Statistics Canada’s gross domestic product report Thursday says growth in services-producing industries in August were offset by declines in goods-producing industries.

The manufacturing sector was the largest drag on the economy, followed by utilities, wholesale and trade and transportation and warehousing.

The report noted shutdowns at Canada’s two largest railways contributed to a decline in transportation and warehousing.

A preliminary estimate for September suggests real gross domestic product grew by 0.3 per cent.

Statistics Canada’s estimate for the third quarter is weaker than the Bank of Canada’s projection of 1.5 per cent annualized growth.

The latest economic figures suggest ongoing weakness in the Canadian economy, giving the central bank room to continue cutting interest rates.

But the size of that cut is still uncertain, with lots more data to come on inflation and the economy before the Bank of Canada’s next rate decision on Dec. 11.

“We don’t think this will ring any alarm bells for the (Bank of Canada) but it puts more emphasis on their fears around a weakening economy,” TD economist Marc Ercolao wrote.

The central bank has acknowledged repeatedly the economy is weak and that growth needs to pick back up.

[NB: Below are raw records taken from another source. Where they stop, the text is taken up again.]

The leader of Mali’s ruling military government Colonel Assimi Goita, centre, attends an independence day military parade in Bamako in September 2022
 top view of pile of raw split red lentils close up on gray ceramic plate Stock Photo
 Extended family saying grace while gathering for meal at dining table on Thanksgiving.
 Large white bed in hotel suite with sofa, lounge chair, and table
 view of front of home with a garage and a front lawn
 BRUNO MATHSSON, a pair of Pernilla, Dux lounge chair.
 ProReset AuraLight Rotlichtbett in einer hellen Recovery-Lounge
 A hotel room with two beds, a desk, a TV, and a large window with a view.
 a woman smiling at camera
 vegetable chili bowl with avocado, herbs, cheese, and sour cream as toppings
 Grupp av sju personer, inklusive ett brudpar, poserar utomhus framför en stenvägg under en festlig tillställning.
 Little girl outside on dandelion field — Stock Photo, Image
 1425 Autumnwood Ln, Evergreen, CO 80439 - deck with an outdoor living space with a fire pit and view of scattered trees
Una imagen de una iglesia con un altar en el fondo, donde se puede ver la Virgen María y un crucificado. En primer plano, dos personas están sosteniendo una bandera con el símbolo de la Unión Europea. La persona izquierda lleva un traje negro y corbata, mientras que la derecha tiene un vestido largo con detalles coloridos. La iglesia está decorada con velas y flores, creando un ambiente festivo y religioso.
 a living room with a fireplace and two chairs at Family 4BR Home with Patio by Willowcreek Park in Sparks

Last week, the Bank of Canada delivered a half-percentage point interest rate cut in response to inflation returning to its two per cent target.

Governor Tiff Macklem wouldn’t say whether the central bank will follow up with another jumbo cut in December and instead said the central bank will take interest rate decisions one a time based on incoming economic data.

The central bank is expecting economic growth to rebound next year as rate cuts filter through the economy.